Records for the exercise section start

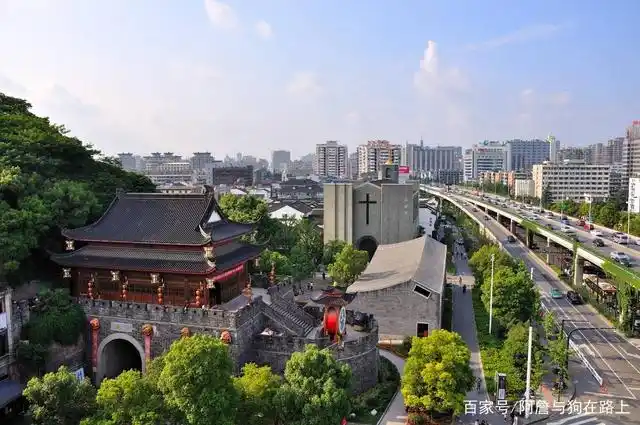 杭州的这条街,除了美食,没想到居然还隐匿了这样的地方……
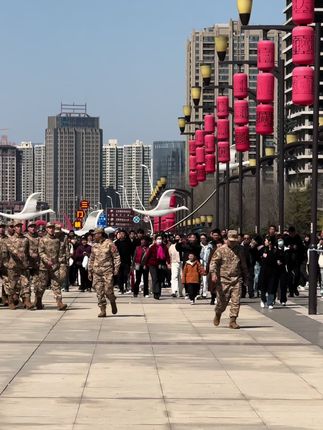 有一种离别叫送儿当兵#新兵入伍季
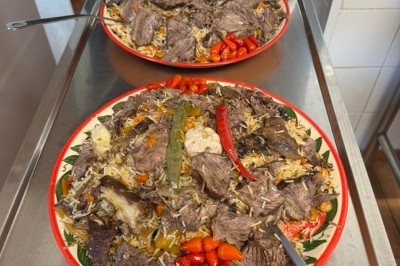 Écran de caisse avec tablette affichant un logo, et un autocollant attestant d'un niveau d'hygiène très satisfaisant.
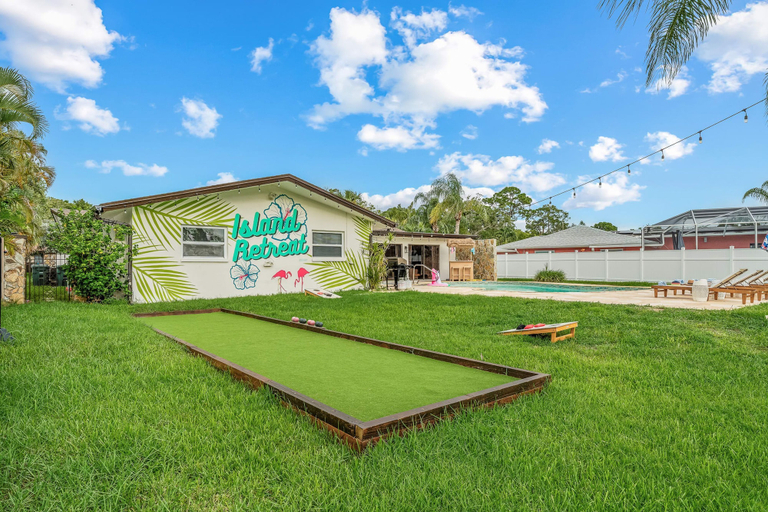 Room 4, Waterfront Retreat w Heated Pool Fire, Pinellas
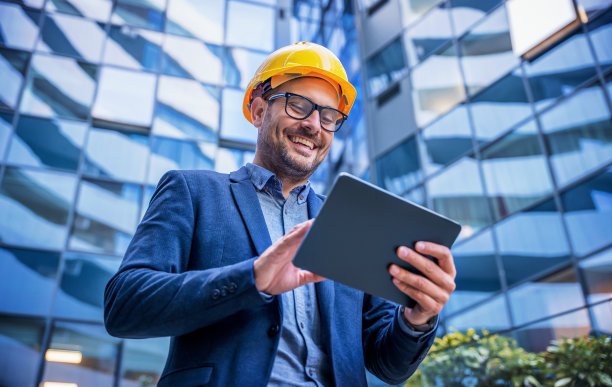 建设监理。建筑师在建筑工地进行检查。建筑的概念图片下载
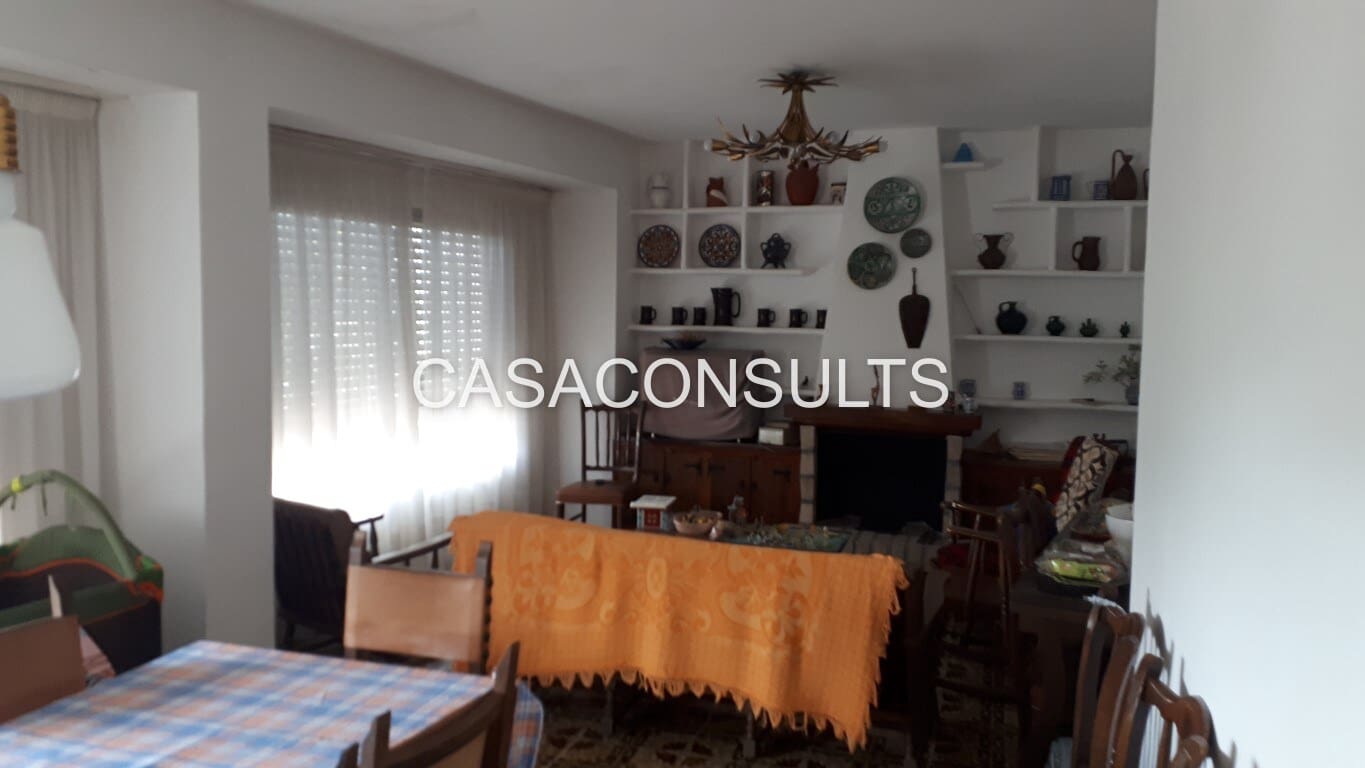 8 soveværelse Byhus til salg i Llucena  - € 85.000 (Ref: 5700124)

Records for the exercise section end

The records above should be returned exactly, with only their pictures held back.

# Written response
 杭州的这条街,除了美食,没想到居然还隐匿了这样的地方……
 有一种离别叫送儿当兵#新兵入伍季
 Écran de caisse avec tablette affichant un logo, et un autocollant attestant d'un niveau d'hygiène très satisfaisant.
 Room 4, Waterfront Retreat w Heated Pool Fire, Pinellas
 建设监理。建筑师在建筑工地进行检查。建筑的概念图片下载
 8 soveværelse Byhus til salg i Llucena  - € 85.000 (Ref: 5700124)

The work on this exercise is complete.